Quick Start¶
This tutorial is intended as an introduction to working with PyMongoArrow. The reader is assumed to be familiar with basic PyMongo and MongoDB concepts.
Prerequisites¶
Before we start, make sure that you have the PyMongoArrow distribution installed. In the Python shell, the following should run without raising an exception:
import pymongoarrow as pma
This tutorial also assumes that a MongoDB instance is running on the default host and port. Assuming you have downloaded and installed MongoDB, you can start it like so:
$ mongod
Extending PyMongo¶
The pymongoarrow.monkey module provides an interface to patch PyMongo,
in place, and add PyMongoArrow’s functionality directly to
Collection instances:
from pymongoarrow.monkey import patch_all
patch_all()
After running patch_all(), new instances of
Collection will have PyMongoArrow’s APIs,
e.g. find_pandas_all().
Note
Users can also directly use any of PyMongoArrow’s APIs
by importing them from pymongoarrow.api. The only difference in
usage would be the need to manually pass the instance of
Collection on which the operation is to be
run as the first argument when directly using the API method.
Test data¶
Before we begein, we must first add some data to our cluster that we can query. We can do so using PyMongo:
from datetime import datetime
from pymongo import MongoClient
client = MongoClient()
client.db.data.insert_many([
{'_id': 1, 'amount': 21, 'last_updated': datetime(2020, 12, 10, 1, 3, 1)},
{'_id': 2, 'amount': 16, 'last_updated': datetime(2020, 7, 23, 6, 7, 11)},
{'_id': 3, 'amount': 3, 'last_updated': datetime(2021, 3, 10, 18, 43, 9)},
{'_id': 4, 'amount': 0, 'last_updated': datetime(2021, 2, 25, 3, 50, 31)}])
Defining the schema¶
PyMongoArrow relies upon a user-specified data schema to marshall
query result sets into tabular form. Users can define the schema by
instantiating pymongoarrow.api.Schema using a mapping of field names
to type-specifiers, e.g.:
from pymongoarrow.api import Schema
schema = Schema({'_id': int, 'amount': float, 'last_updated': datetime})
There are multiple permissible type-identifiers for each supported BSON type. For a full-list of supported types and associated type-identifiers see Supported Types.
Find operations¶
We are now ready to query our data. Let’s start by running a find
operation to load all records with a non-zero amount as a
pandas.DataFrame:
df = client.db.data.find_pandas_all({'amount': {'$gt': 0}}, schema=schema)

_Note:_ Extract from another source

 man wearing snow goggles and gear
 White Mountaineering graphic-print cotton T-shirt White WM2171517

We can also load the same result set as a pyarrow.Table instance:
arrow_table = client.db.data.find_arrow_all({'amount': {'$gt': 0}}, schema=schema)
Or as numpy.ndarray instances:
ndarrays = client.db.data.find_numpy_all({'amount': {'$gt': 0}}, schema=schema)

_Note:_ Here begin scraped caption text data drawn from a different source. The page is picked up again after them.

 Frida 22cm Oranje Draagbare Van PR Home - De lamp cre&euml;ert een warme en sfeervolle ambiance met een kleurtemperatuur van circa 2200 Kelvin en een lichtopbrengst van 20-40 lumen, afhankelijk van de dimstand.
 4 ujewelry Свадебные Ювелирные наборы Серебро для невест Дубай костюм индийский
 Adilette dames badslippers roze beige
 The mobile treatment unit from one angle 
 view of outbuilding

In the NumPy case, the return value is a dictionary where the keys are field names and values are the corresponding arrays.
Aggregate operations¶
Running aggregate operations is similar to find. Here is an example of
an aggregation that loads all records with an amount less than 10:
# pandas
df = client.db.data.aggregate_pandas_all([{'$match': {'amount': {'$lte': 10}}}], schema=schema)
# arrow
arrow_table = client.db.data.aggregate_arrow_all([{'$match': {'amount': {'$lte': 10}}}], schema=schema)
# numpy
ndarrays = client.db.data.aggregate_numpy_all([{'$match': {'amount': {'$lte': 10}}}], schema=schema)
Writing to other formats¶
Result sets that have been loaded as Arrow’s Table type can
be easily written to one of the formats supported by
PyArrow. For example,
to write the table referenced by the variable arrow_table to a Parquet
file example.parquet, run:
import pyarrow.parquet as pq
pq.write_table(arrow_table, 'example.parquet')
Pandas also supports writing DataFrame instances to a variety
of formats including CSV, and HDF. For example, to write the data frame
referenced by the variable df to a CSV file out.csv, run:
df.to_csv('out.csv', index=False)